Setting up Hadoop cluster on AWS

Creating Namenode, Datanode and Clientnode in AWS EC2 service.

What is Hadoop?

Hadoop is an open-source software framework for storing data and running applications on clusters of commodity hardware. It provides massive storage for any kind of data, enormous processing power and the ability to handle virtually limitless concurrent tasks or jobs.

What is HDFS

HDFS means Hadoop Distributed File System. Hadoop works on the concept of Distributed Systems. HDFS uses concept of replication of data for high availability and high fault-tolerance. It can be easily deployed on low cost hardware. It provides high throughput access to application data and is suitable for applications that have large data sets.

Hadoop Installation

Hadoop is written in java. To run hadoop, we need Java JDK to be installed. Various versions of hadoop are compatible only with particular versions of Java JDK. In this practical, I am using Java SE Development Kit 8u171 and Hadoop 1.2.1. First install Java and then install hadoop.

To install you may refer these links:

We use rpm -ivh command to install rpm softwares.

rpm -ivh jdk-8u171-linux-x64.rpmrpm -ivh hadoop-1.2.1–1.x86_64.rpm --force

Hadoop Architecture

Hadoop uses Master-Slave architecture. Hadoop consist of a Master Node called as NameNode. To this NameNode, several nodes are connected and these nodes act as storage. These are called DataNodes. To upload data into hadoop architecture,we need another type of node called ClientNode.

NameNode Configuration

The NameNode is the centerpiece of an HDFS file system. It keeps the directory tree of all files in the file system, and tracks where across the cluster the file data is kept. It does not store the data of these files itself. All the data is stored only in DataNodes.
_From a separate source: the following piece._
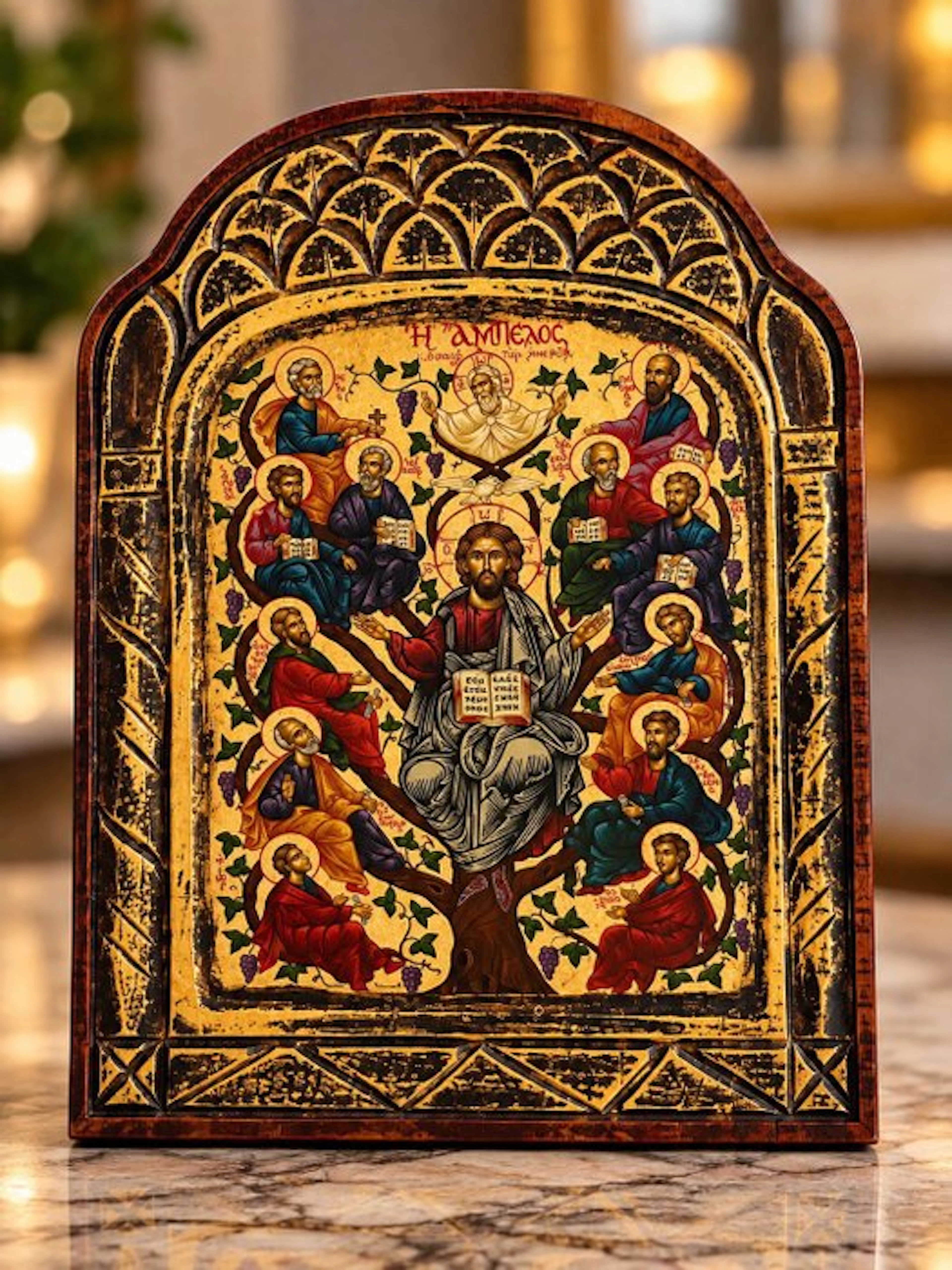 Icon - Christ, True Vine - Wood, gold leaf - 1970-1980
Here,I used an RedHat Linux EC2 Instance. In that instance,we need to install java and hadoop.

After installing, first we need to create a directory. Lets create a directory called /nn .In this directory all the necessary files related to NameNode are present. It contains the metadata of the cluster.Next we need to go to /etc/hadoop directory. There are two main files that we use for the configuration of any node. They are hdfs-site.xml and core-site.xml.

Now for NameNode, we need to edit hdfs-site.xml file. In this file,we need to create a property.This property contains two tags,one is name and the other is value.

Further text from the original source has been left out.